AgeLight has released the fruits of Spiezle’s work in the form of the IoT Safety and Trust Design Architecture and Risk Toolkit. The toolkit seeks to achieve three primary goals: to guide and drive industry into self-regulation, to promote high-value privacy and security practices, and to deliver trustworthy devices to the marketplace.

During an online presentation of the toolkit, Spiezle said there has been a surge of IoT devices on the market, and since he has been president and chairman of the Online Trust Alliance, Spiezle and multiple stakeholders sought to address three dimensions of the IoT ecosystem: the physical devices, the cloud services behind them, and any associated apps.

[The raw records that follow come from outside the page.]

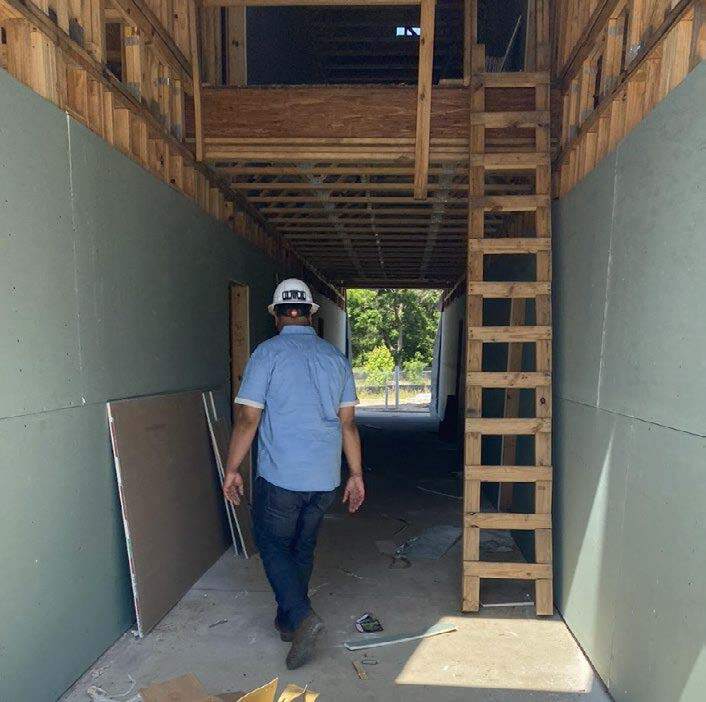 Man in hard hat in hallway with ladder and unfinished walls. 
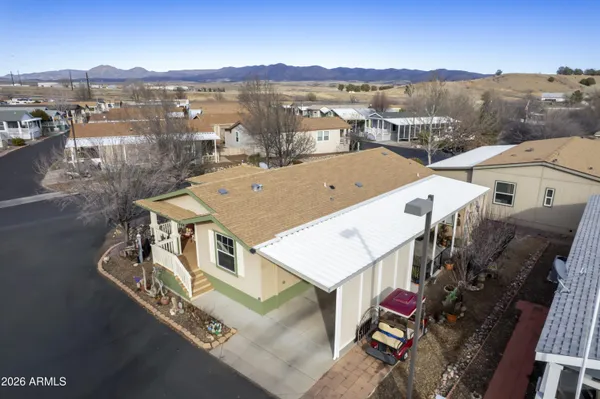 an aerial view of a house with a lake view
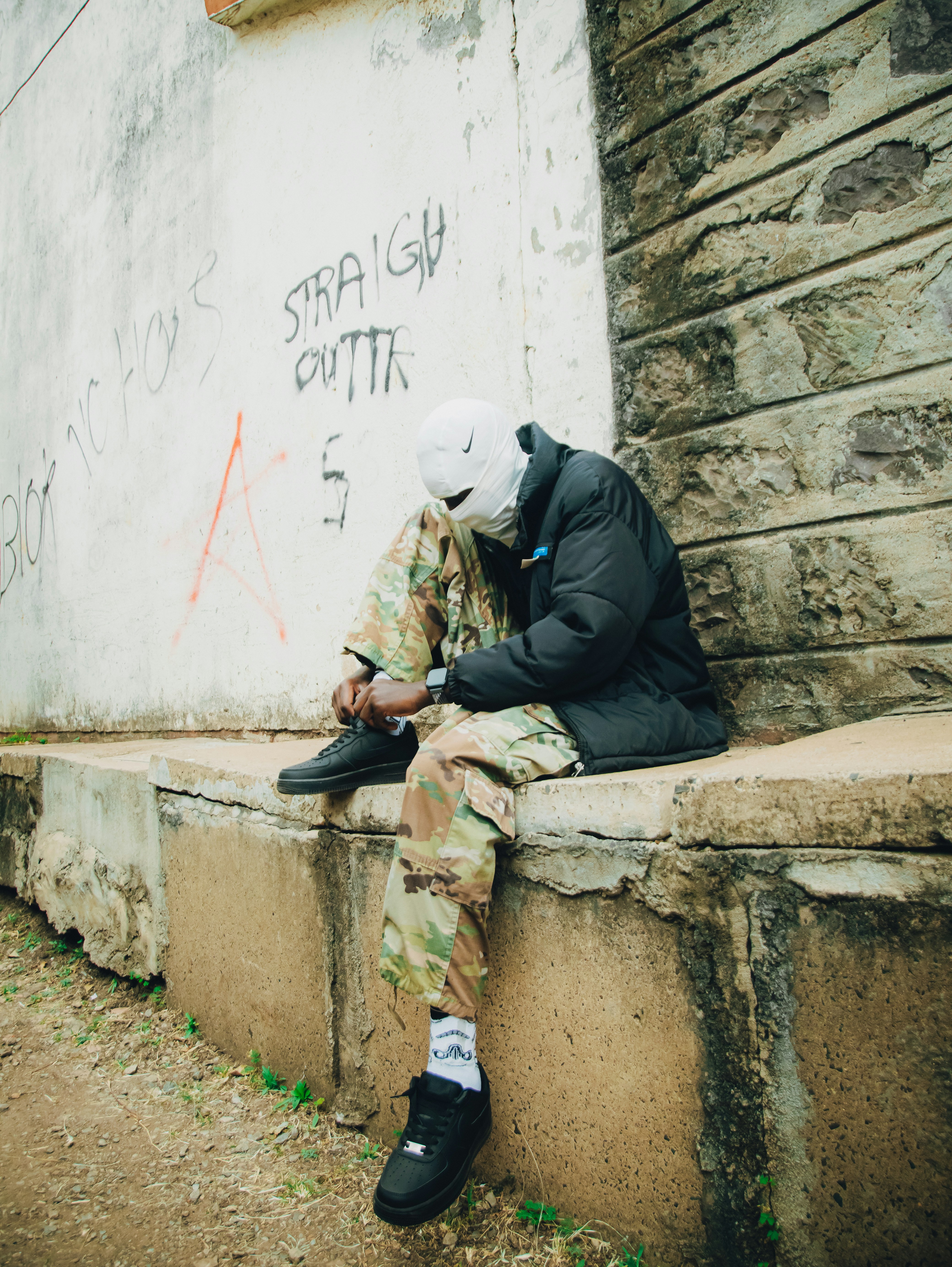 A person in a white balaclava and camouflage pants tying black sneakers on a ledge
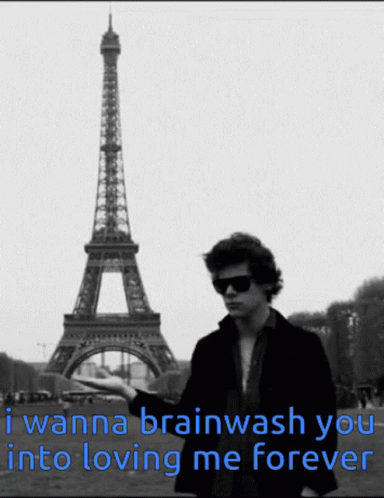 A Man Stands In Front Of The Eiffel Tower With A Caption That Says I Wanna Brainwash You Into Loving Me Forever GIF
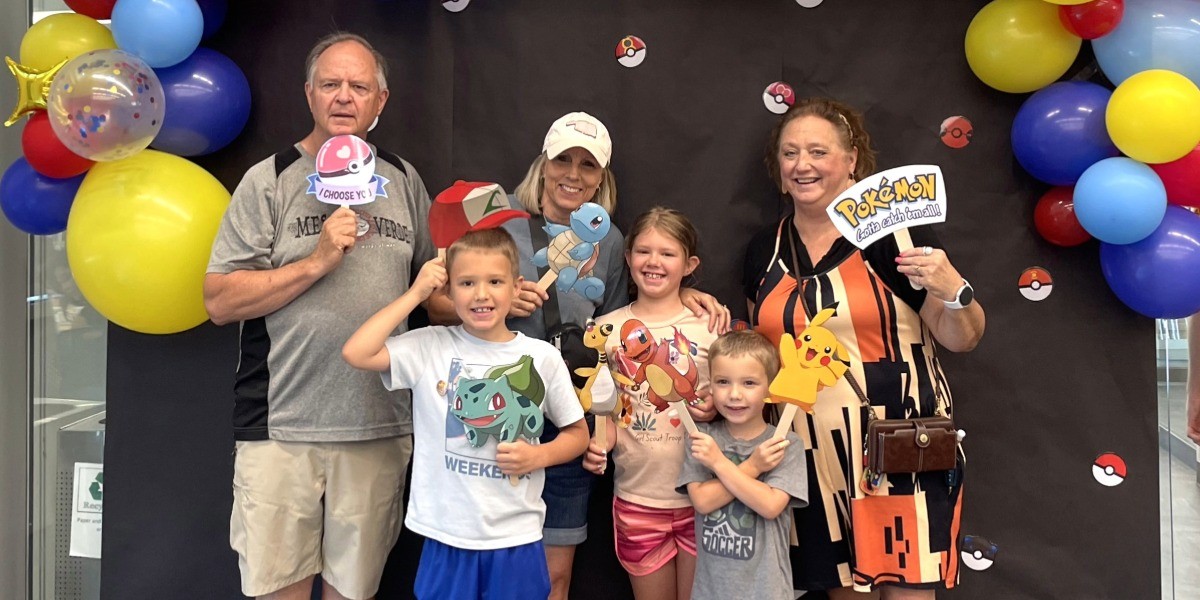 A family poses at the SOKC FanFest event in front of a festive backdrop.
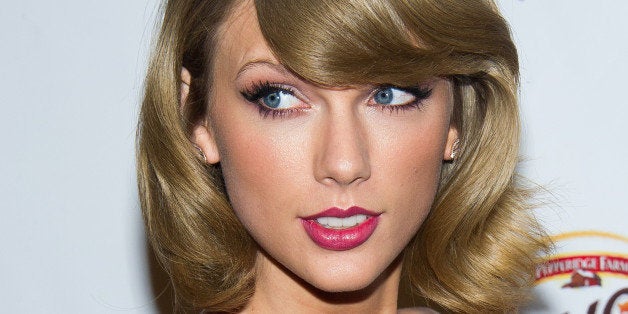 Taylor Swift poses in the Z100 Jingle Ball press room at Madison Square Garden on Friday, Dec. 12, 2014, in New York. (Photo by Charles Sykes/Invision/AP)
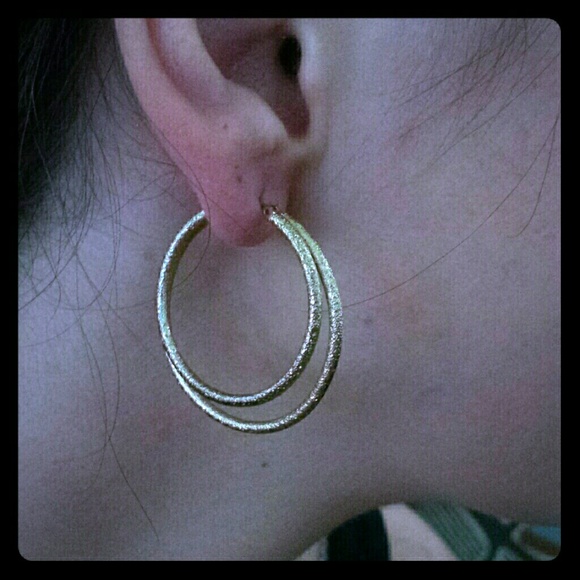 Gold colored textured double hoop earrings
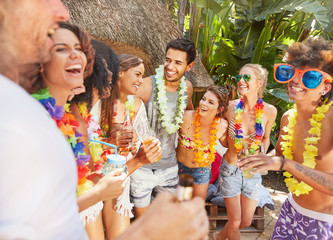 Young friends wearing leis, hanging out at summer poolside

“It’s important to look at all three of these combined because each one becomes an attack vector to exploit the device, the user and the data,” Spiezle said during the presentation.

Spiezle worked to create the toolkit by distilling the documents from those initiatives into one resource. Pulling the most important attributes from those initiatives helped address concerns developers and manufacturers continuously faced, as many initiatives had conflicting goals and messages.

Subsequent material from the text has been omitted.